Biomedical Informatics (BMIN-GA)
BMIN-GA 3001 Advanced Topics in Bioinformatics (4 Credits)
The course is meant to provide students with an overview of and practical experience with bioinformatics techniques.
Grading: GSAS Graded
Repeatable for additional credit: No
BMIN-GA 3002 Clinical Decision Support (3 Credits)
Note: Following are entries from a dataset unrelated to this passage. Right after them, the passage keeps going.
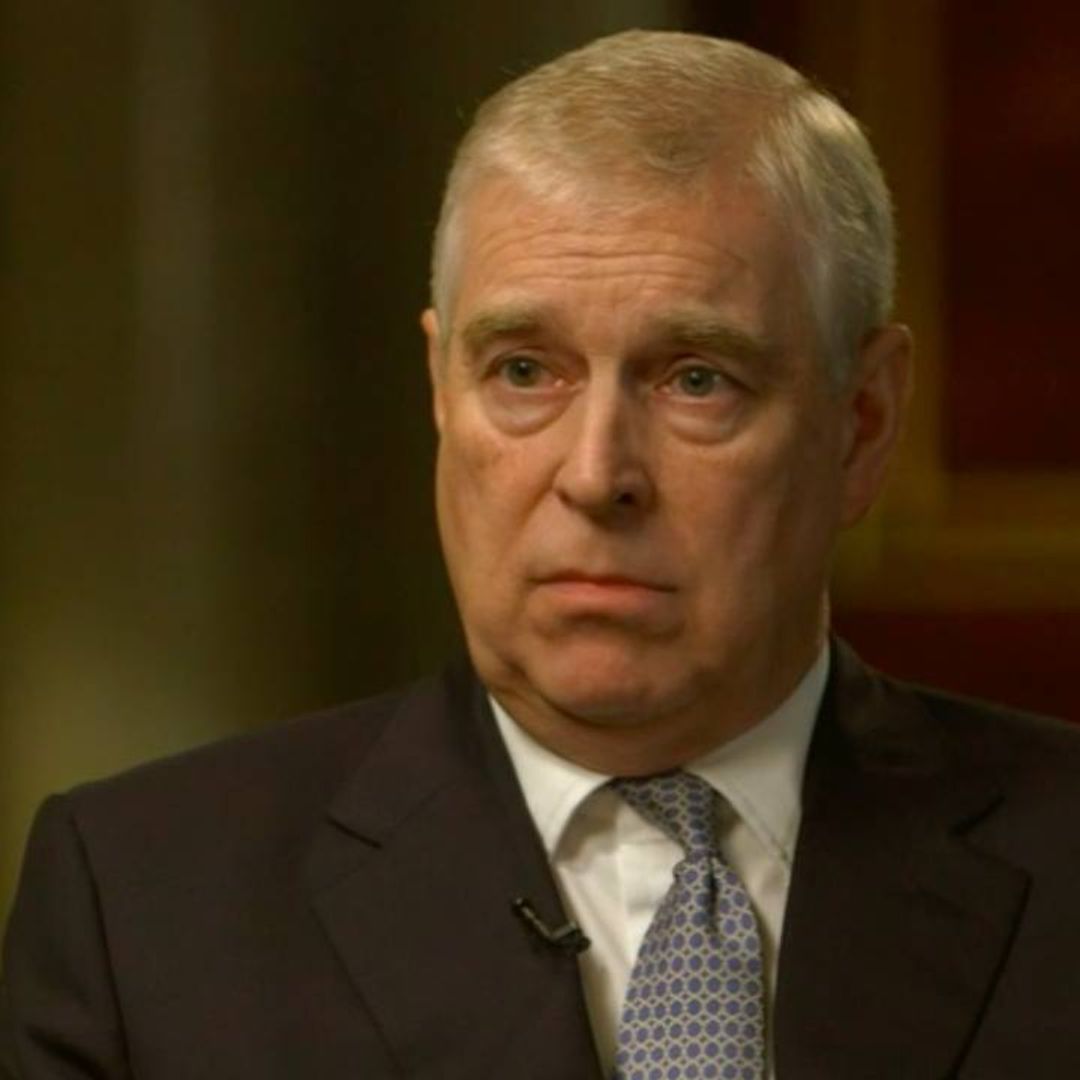 Prince Andrew addresses Jeffrey Epstein scandal for first time while Sarah Ferguson publicly supports him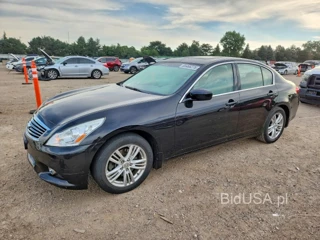 INFINITI G37 SEDAN X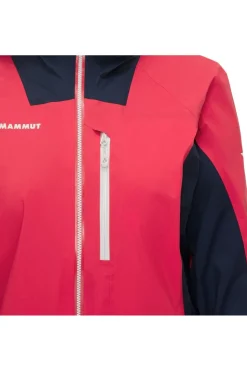 Mammut Regenjas Eiger Speed Hs Hooded Jacket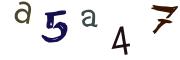 Vaizdinė CAPTCHA užduotis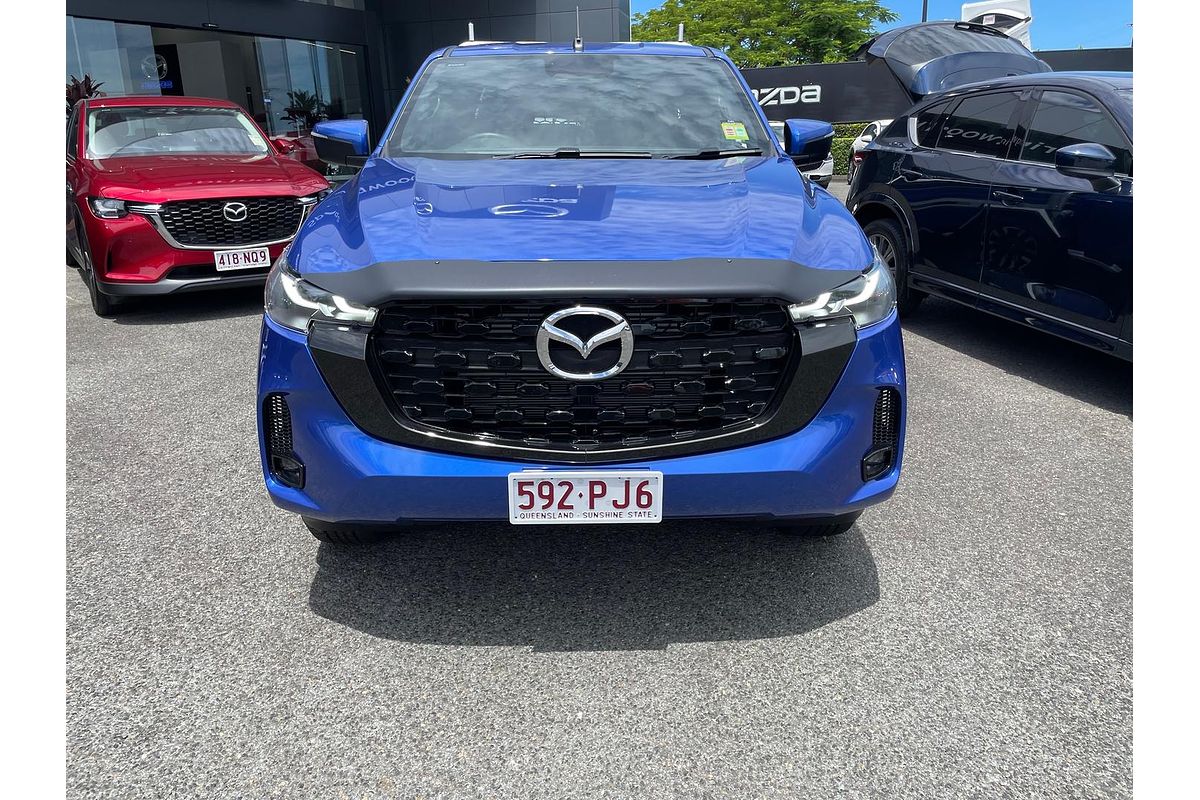 2025 Mazda BT-50 GT TF 4X4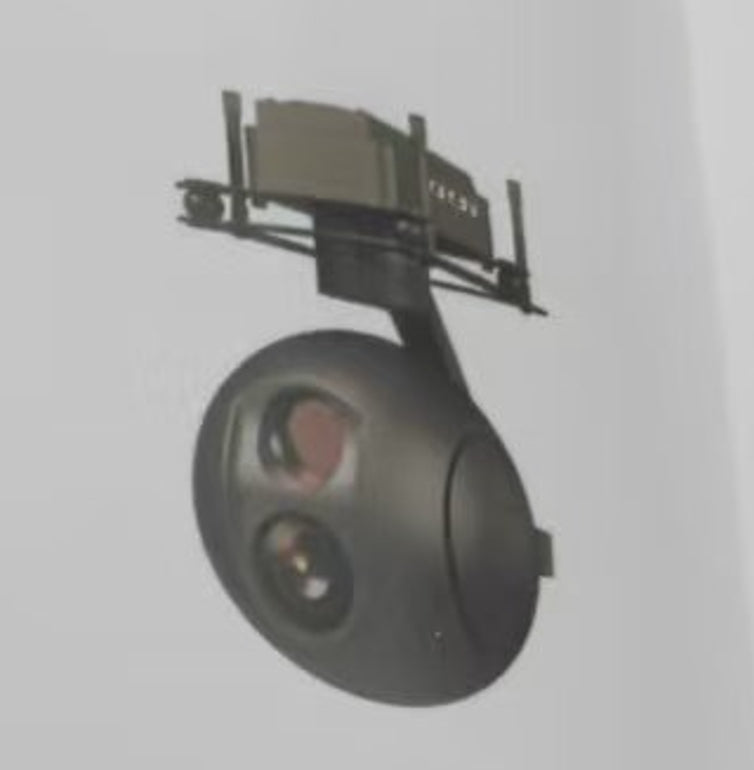 T130D-NM-35 Three-Axis Dual Camera Pod (Temperature Measurement Version)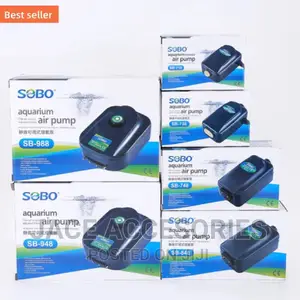 Sobo Airpump 4 Nozzles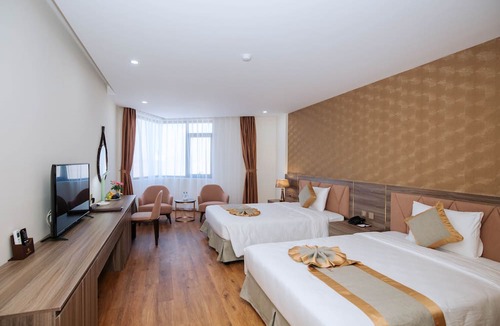Vinh Hotel | Thong Do Hotel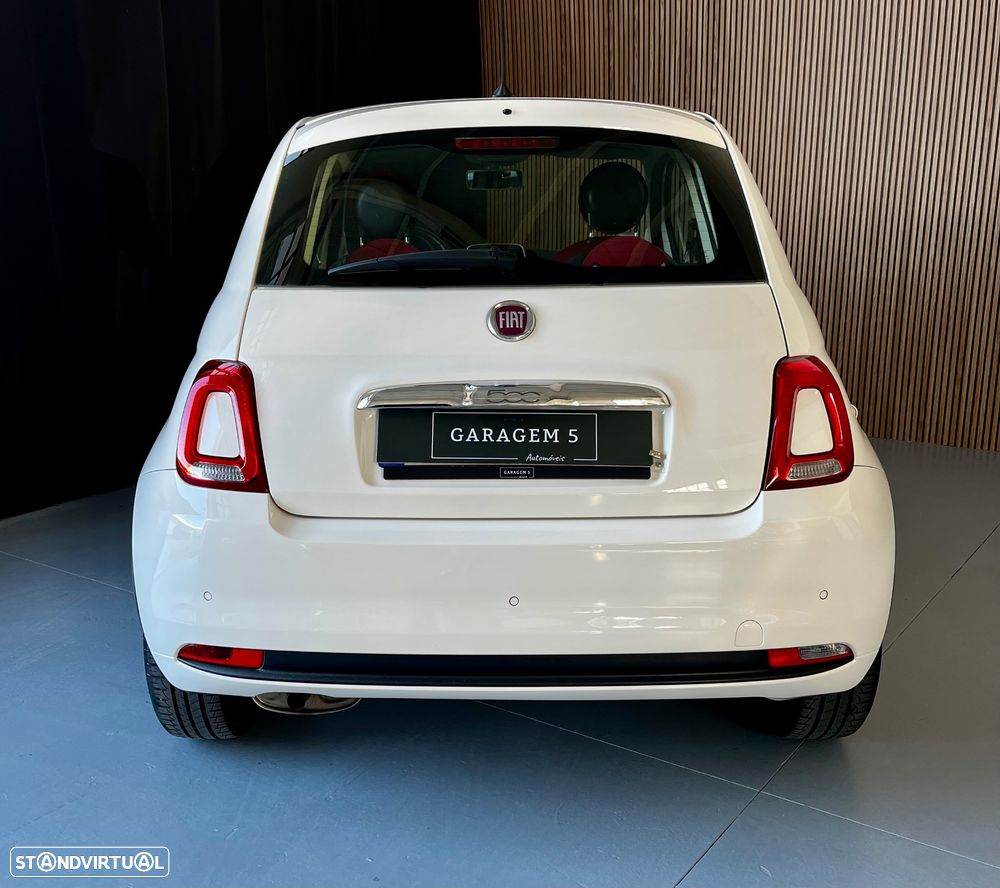 Fiat 500 1.2 Family Collection - 6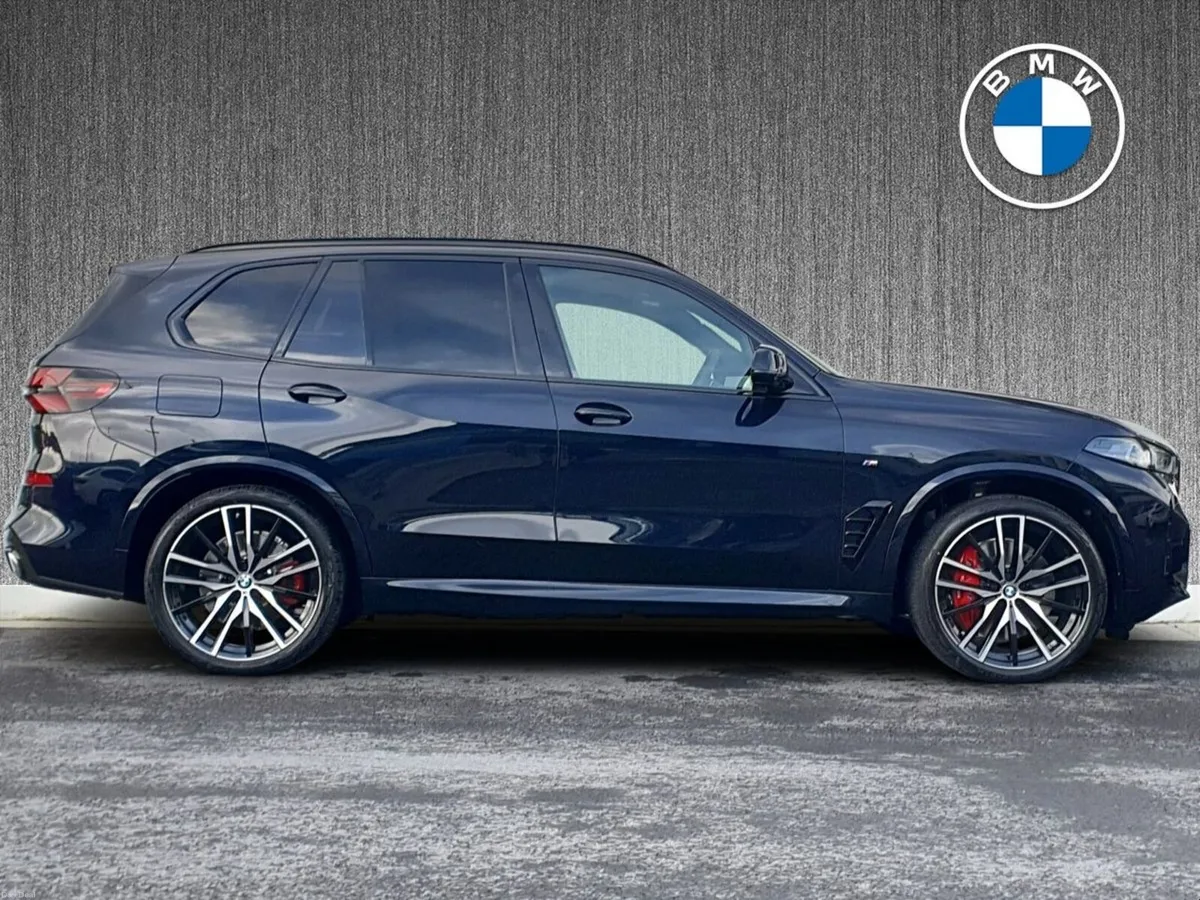 BMW X5 X5 xDrive50e M Sport - Image 3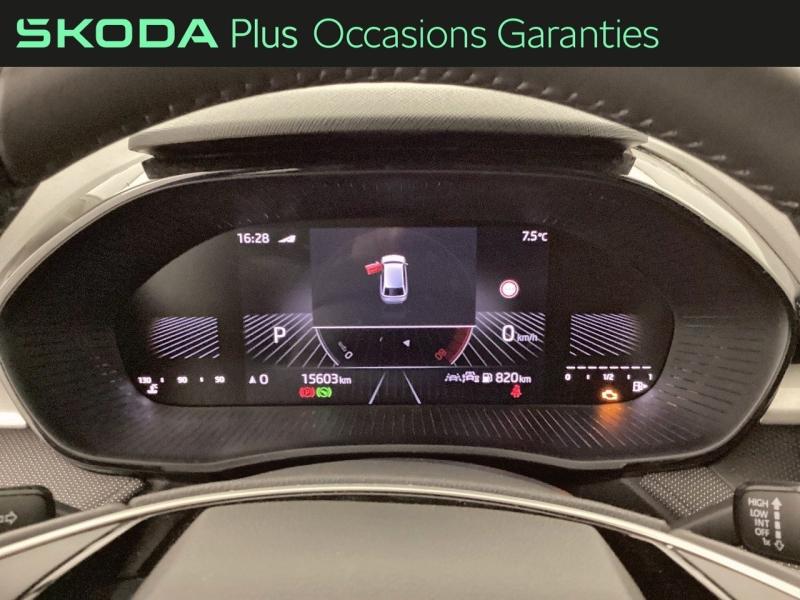 Voitures occasions ŠKODA FABIA Selection Nice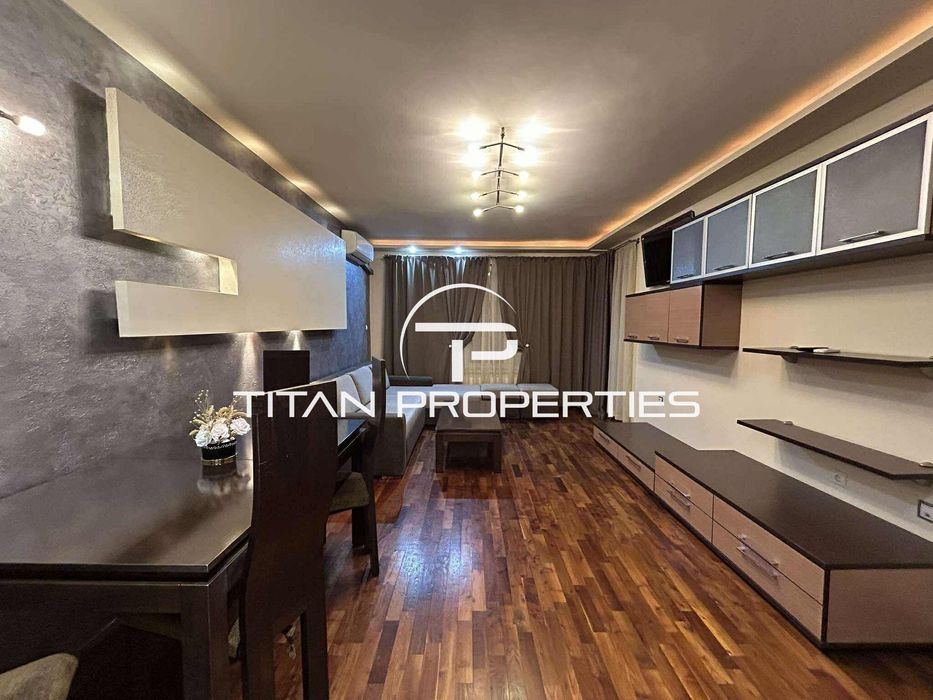 Дава се под наем Тристаен апартамент в Варна, Базар Левски - 110 кв.м за 869 € - Снимка #1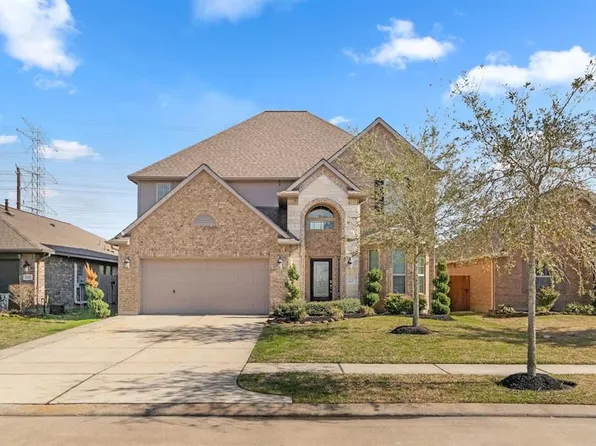 2107 Llerena Ln, League City, TX 77573
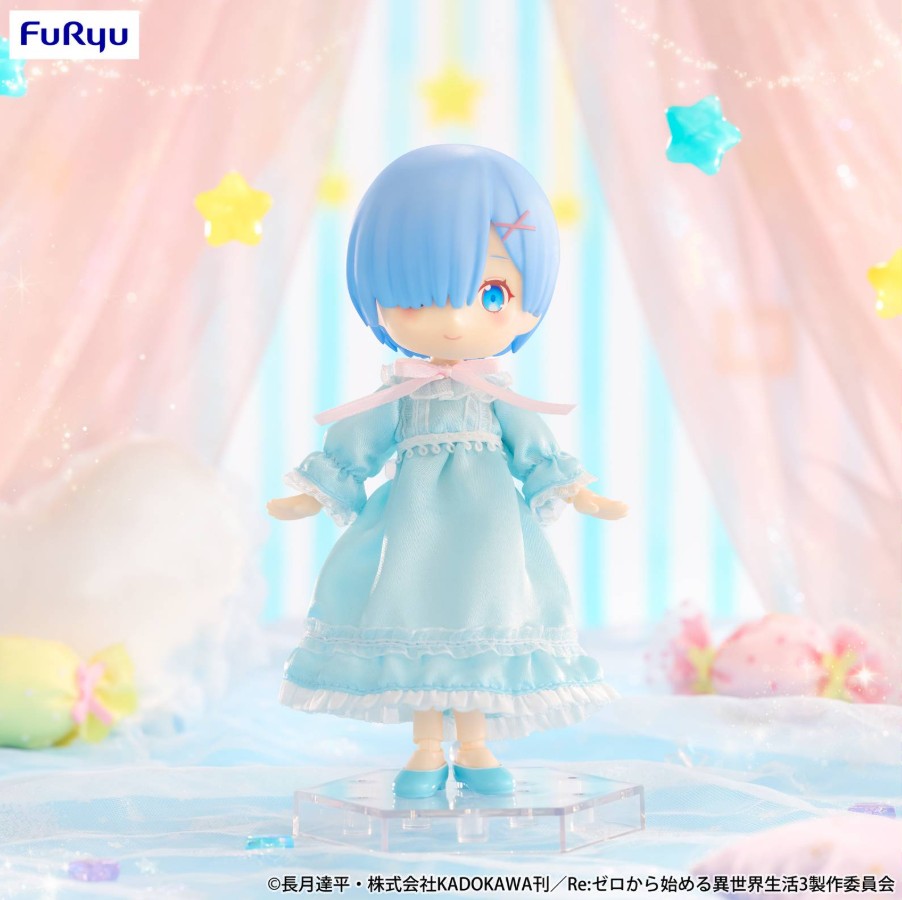 Rem Figure, Melo Doll, Re: Zero kara Hajimeru Isekai Seikatsu, Furyu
Clinical decision support can be thought of as the use of information technology to support medical decision-making. In this course, students will learn the fundamentals of clinical decision support with the end result being the design of their own clinical decision support tool.
Grading: GSAS Graded
Repeatable for additional credit: No
BMIN-GA 3003 Proteomics (3 Credits)
This course will give an introduction of proteomics and mass spectrometry workflows, experimental design, and data analysis with a focus on algorithms for extracting information from experimental data.
Grading: GSAS Graded
Repeatable for additional credit: No
BMIN-GA 3004 Applied Sequencing Informatics (3 Credits)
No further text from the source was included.